(Captioned web image data)
Content starts

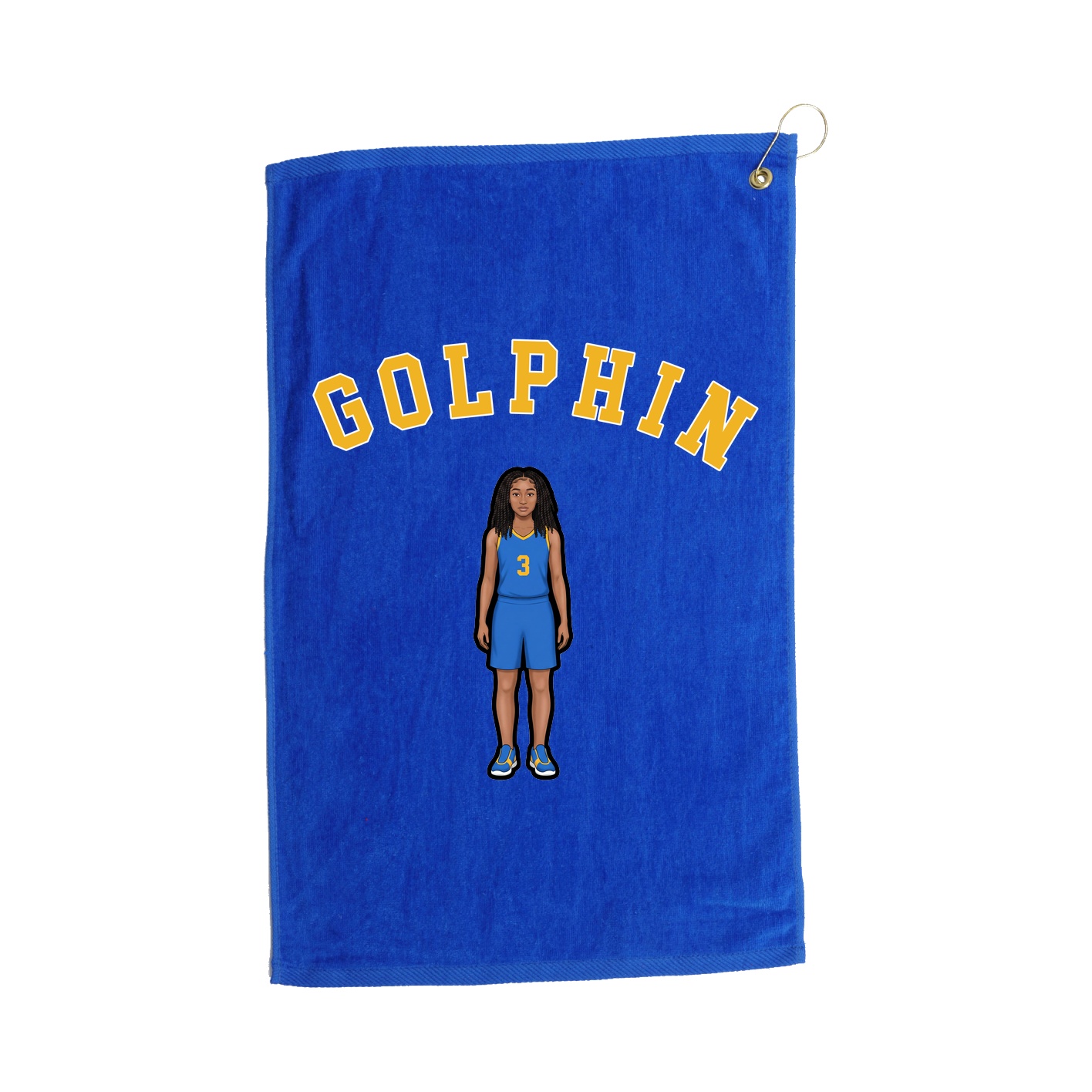 Golf Towel — Shirsey Arch in Royal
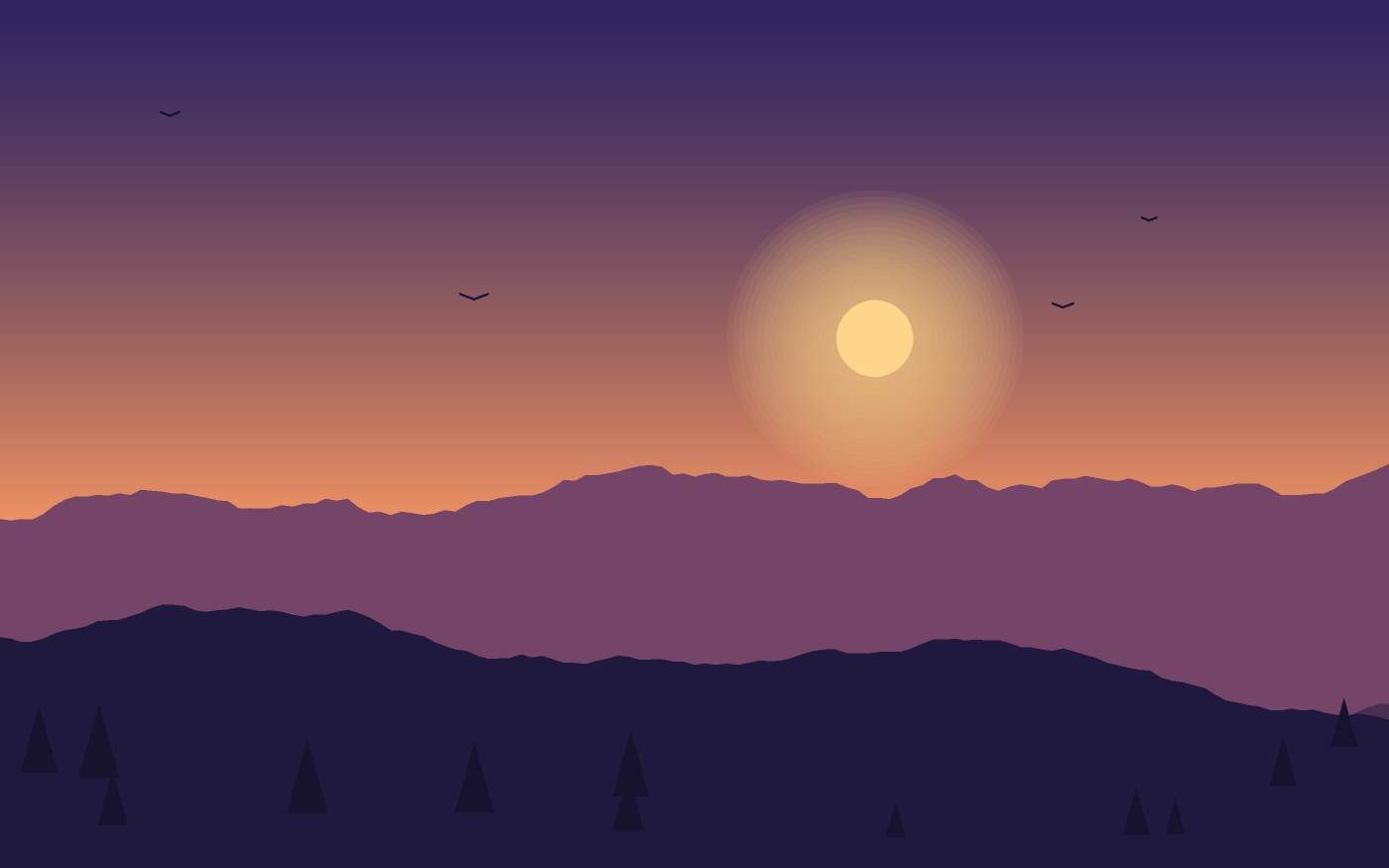 Ilustrace krajiny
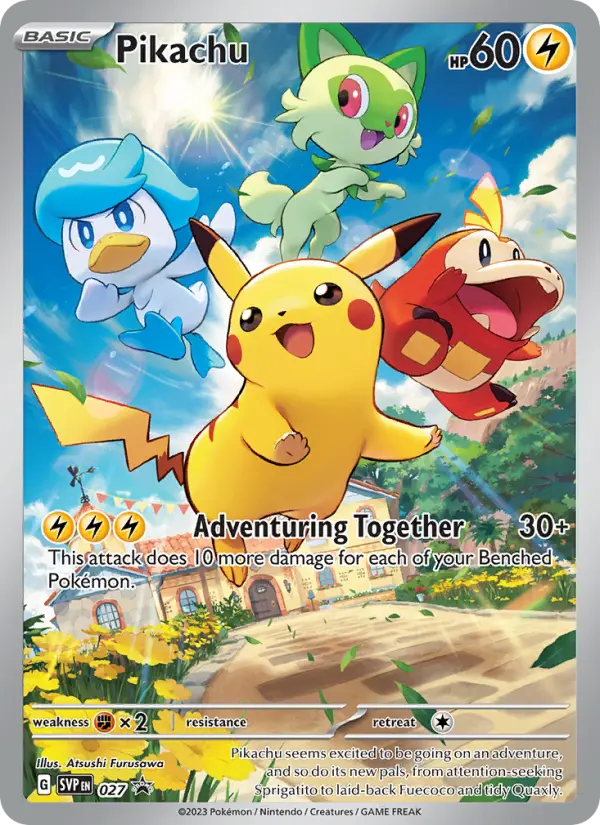 Pikachu — SVP Black Star Promos card #027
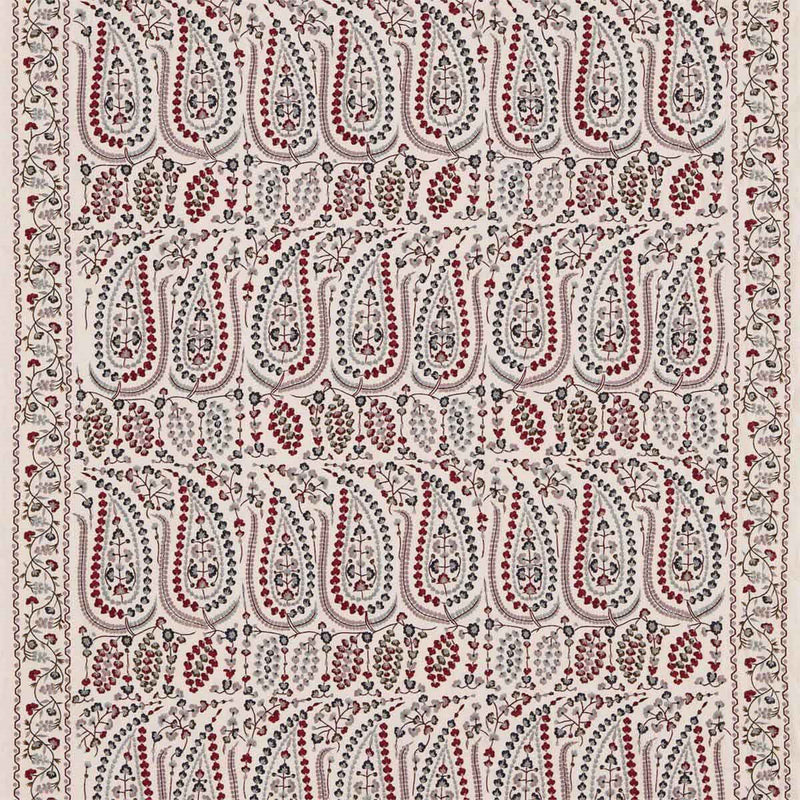 331627 Jayshree Kensington Walk Red Blue Fabric by Zoffany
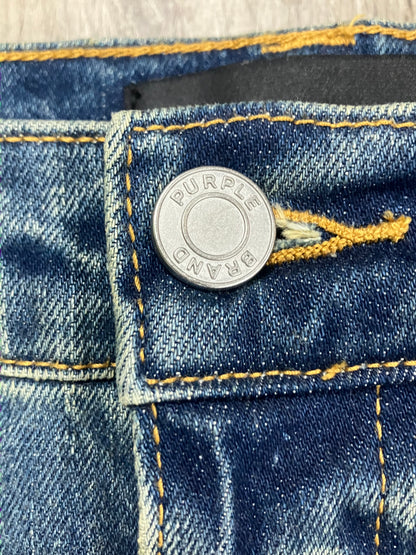 33- Purple Brand Dark Acid Wash Denim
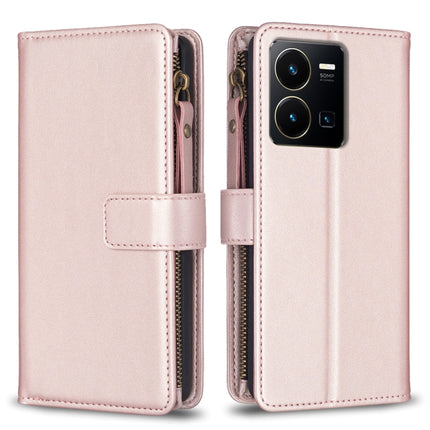 9 Card Slots Zipper Wallet Leather Flip Phone Case, For vivo Y11 / Y15 / Y12 / Y17, For vivo Y78 5G, For vivo Y35 4G / Y22s, For vivo Y21 / Y21s / Y33s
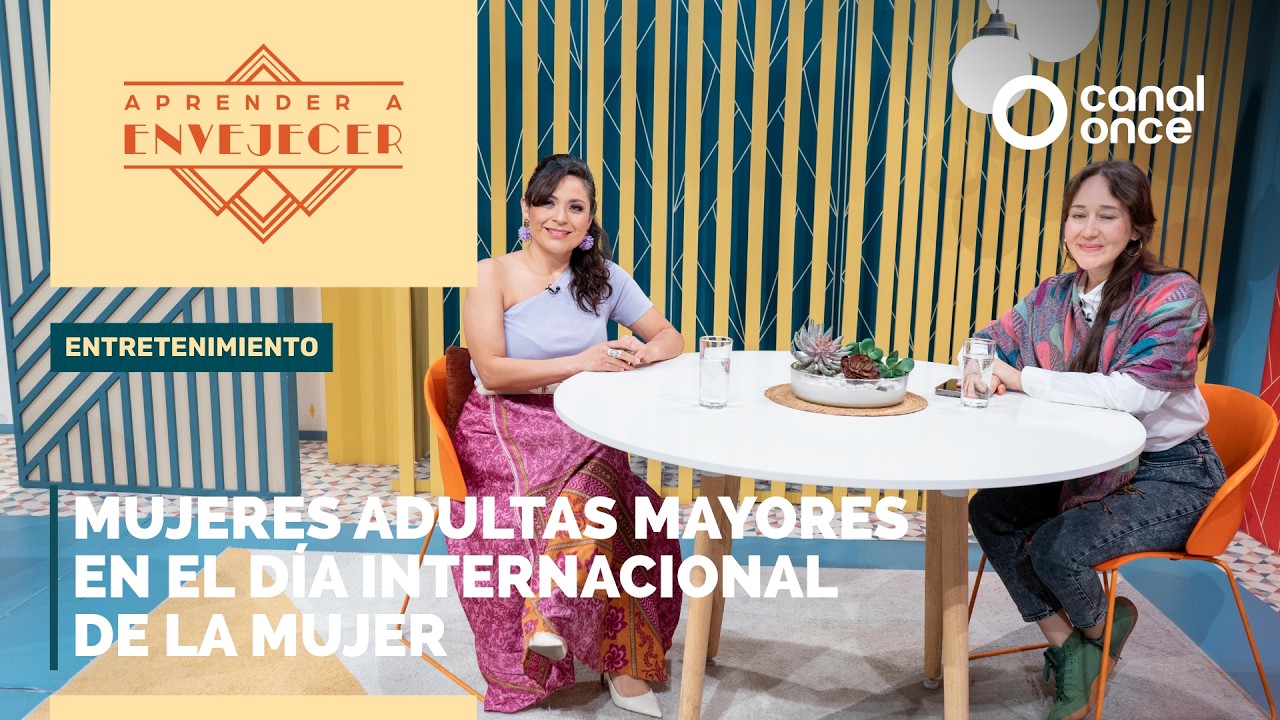 Mujeres adultas mayores en el Día Internacional de la Mujer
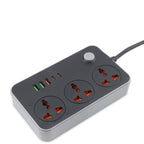 Hitage EW-41 Pro Power Strip | 2000W | 3 Power Sockets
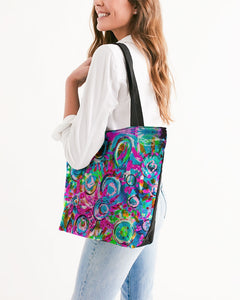 Canvas Zip Tote - "Chaos"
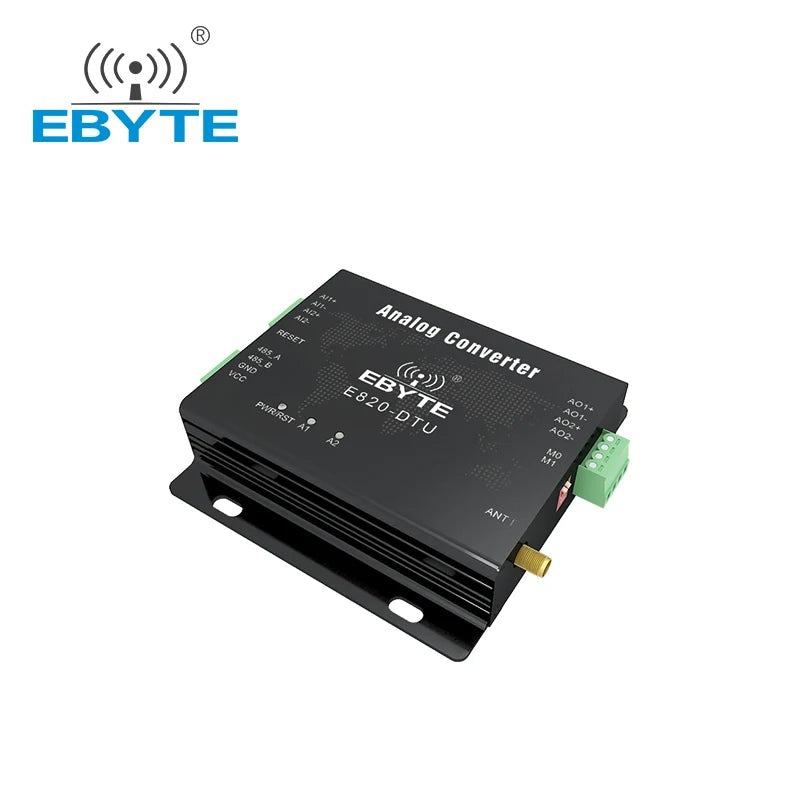 E820-DTU(2I2-433L)-V8 4-20 mA Wireless Transmitter to 433mhz Radio RTU Analog Data Acquisition Device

Content ends

◆ **EXERCISE BRIEF**: Starting at the first line of the records above, set down each line exactly through the one that holds "33- Purple Brand Dark Acid Wash Denim". Omit pictures.

◆ **RESPONSE AREA**:
 Golf Towel — Shirsey Arch in Royal
 Ilustrace krajiny
 Pikachu — SVP Black Star Promos card #027
 331627 Jayshree Kensington Walk Red Blue Fabric by Zoffany
 33- Purple Brand Dark Acid Wash Denim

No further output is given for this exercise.